# ***September Hurricane ride***



## DonChristie (Aug 31, 2018)

Time to ride those vintage, old, ratrod, classic collectible bicycles with Hurricane coaster on our monthly bike ride. We are going to ride the McMullen/4 mile creek greenway trail. Meet @ Starbucks 6432 Rea road Sunday, September 9th. Meet at 9am and leave at 10am. This is a leisurely ride along the creek. All bikes are welcome to ride!


----------



## Freqman1 (Aug 31, 2018)

Shouldn't it be the 9th? V/r Shawn


----------



## DonChristie (Aug 31, 2018)

Freqman1 said:


> Shouldn't it be the 9th? V/r Shawn



Yep!


----------



## deepsouth (Sep 6, 2018)

I plan on being there.  (Weather permitting)


----------



## Freqman1 (Sep 6, 2018)

Me too if I can scrounge up something to ride! V/r Shawn


----------



## DonChristie (Sep 6, 2018)

It never rains on the Hurricane rides!  Ha! I got a loaner for you, Shawn!


----------



## Classic Cool Rides (Sep 6, 2018)

schwinndoggy said:


> It never rains on the Hurricane rides!  Ha! I got a loaner for you, Shawn!

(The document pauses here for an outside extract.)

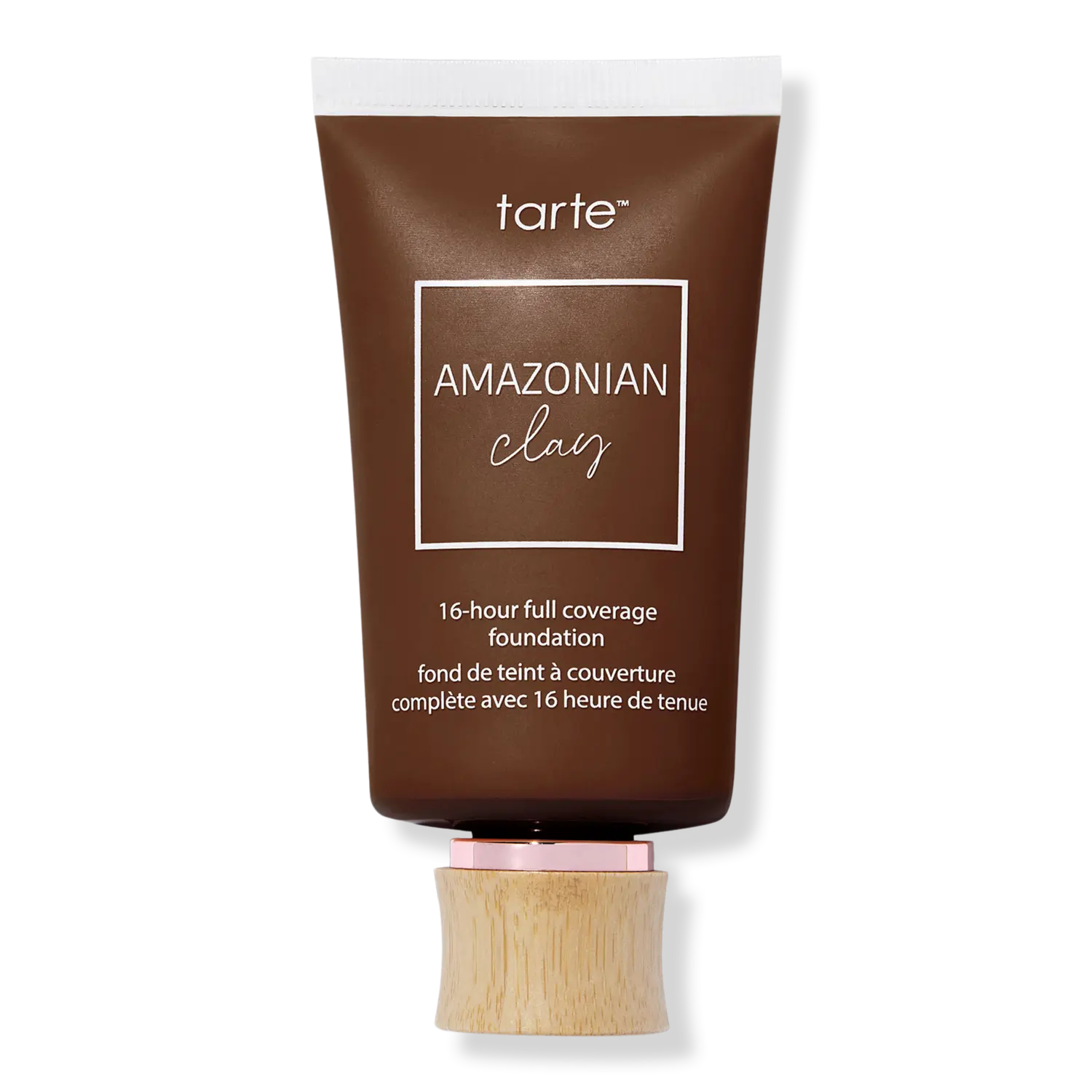 

Тональный крем с амазонской глиной, обеспечивающий 16-часовое покрытие. Tarte, 60H Mahogany Honey (very deep skin with warm, peach undertones)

Hey Don and all the great Hurricane Coasters folks! I will be able to make it for this one ... YAY! It's been TOO Long since I last made it.
I've been missing all you wonderful folks! AND ..... I have a nice Couple from Ohio meeting us there, as well ! Doug & Terrie are joining in the fun!
This couple are "regulars" at the Charlotte Auto Fair (which happens to be this weekend) and I met them last Spring inside the Raceway, as they
had just purchased a 1950 JC Higgins Colow-Flow for Terrie at the Swap Meet. (it was all original and "low miles" BUT ... as so many are.....
it was covered in gray primer (bummer!) ....... but Doug & Terrie wanted the bike brought back to it's original Beauty ..... 
...... and I WAS just the person chosen to bring it back to it's original stunning Blue-on-Blue luster!!  
Terrie is going to take her maiden voyage on Sunday morning on this beauty pictured below >>> 
Cheers! See y'all Sunday mornin' !!  CCR Dave


----------



## Freqman1 (Sep 9, 2018)

I was able to scrounge up a ride and made it today. A slight threat of rain but really just overcast enough to keep the sun off of us. A great turn out @schwinndoggy @roberto_fuggn_b @Colby john @Classic Cool Rides and others who are turning into regulars. Got to see a little bit of everything and by coincidence had three girls deluxe JC Higgins bikes out.  Thanks to everyone who made this a good time. Now if I can ever remember to adjust my shutter speed for the action shots! V/r Shawn


----------



## DonChristie (Sep 9, 2018)

Great shots! Heres some i took! Awesome ride!


----------



## deepsouth (Sep 9, 2018)

Sorry I didn't make it. The forecast was too iffy for a 4 hr drive. I'll try to come again soon.


----------